In its June 2003 report the Sydney-headquartered NZOG outlined progress made on preliminary development options and gas sales in the offshore Taranaki Kupe field, plans to re-enter the Tuihu- 1 well in onshore Taranaki licence PEP 38718 late this month; boost flagging production at the Ngatoro oil field by a water injection program; and further evaluate its small offshore Tui oil discovery.
The initial engineering study to refine the preferred development concept for the central area of the Kupe mining permit PML 38146 would be contracted this month, said NZOG, and would take four months to complete.
NZOG said it was in discussions for the sale of NZOG's share of Kupe reserves (19% interest), estimated at about 43 petajoules of gas and three million barrels of oil.

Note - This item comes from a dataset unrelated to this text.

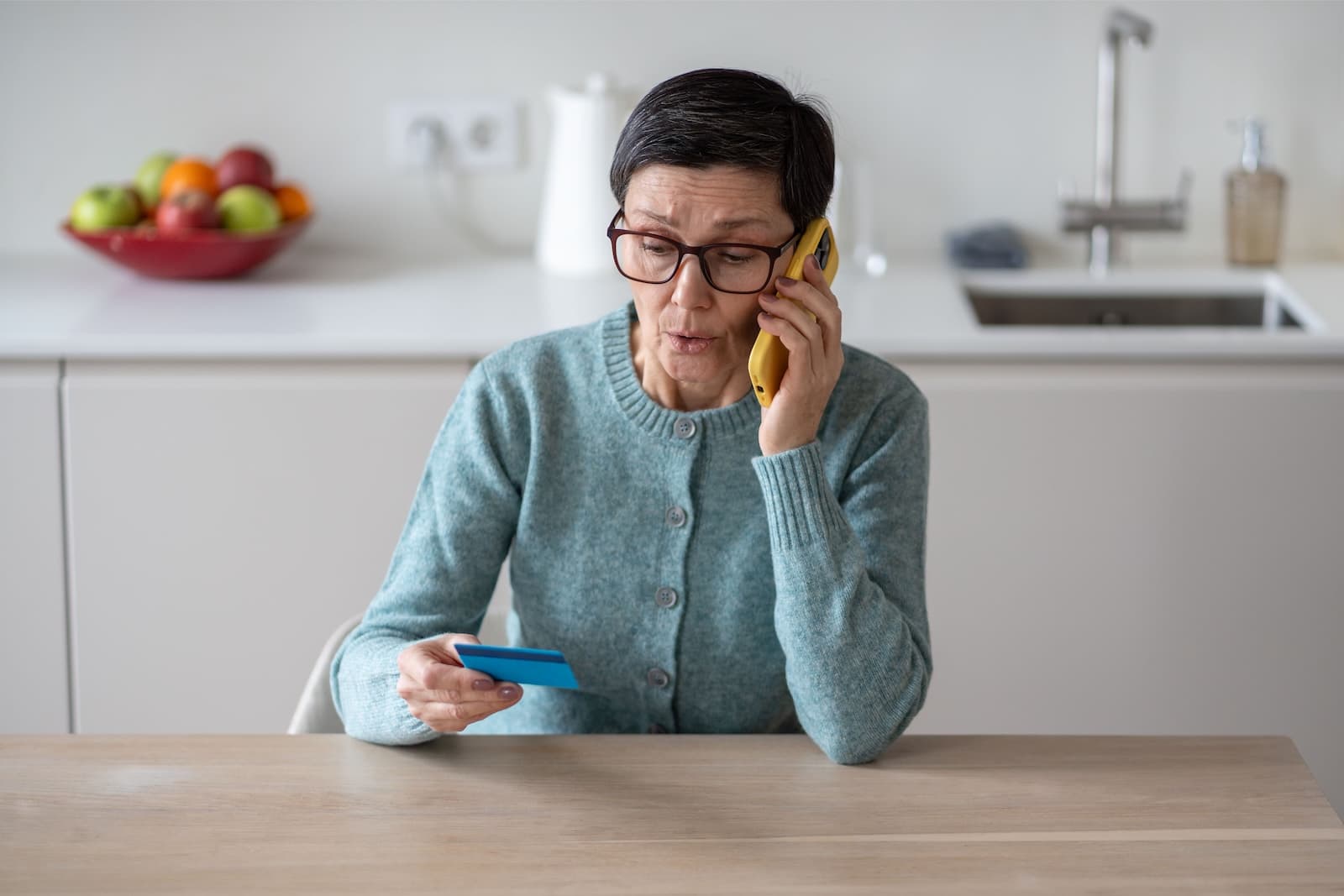 Concerned woman on phone with credit card on hand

Re-entry of the Tuihu well with its two potential Tariki and Kapuni Formation 50PJ gas objectives was planned for late August. The Tuihu wellsite was only six kilometres from the Tariki gas pipeline and could, if successful, be brought into production within a matter of months.
NZOG also said it had identified several prospects at the Kapuni D and F sands levels in addition to the F sand pool at Tui from initial evaluation of the 350 sqkm of 3D seismic shot during April and May in PEP38460. Prospects needed to be firmed up before any decisions would be made.
NZOG also said it was in the process of taking a majority position in, and operatorship of, onshore Taranaki licence PEP38728.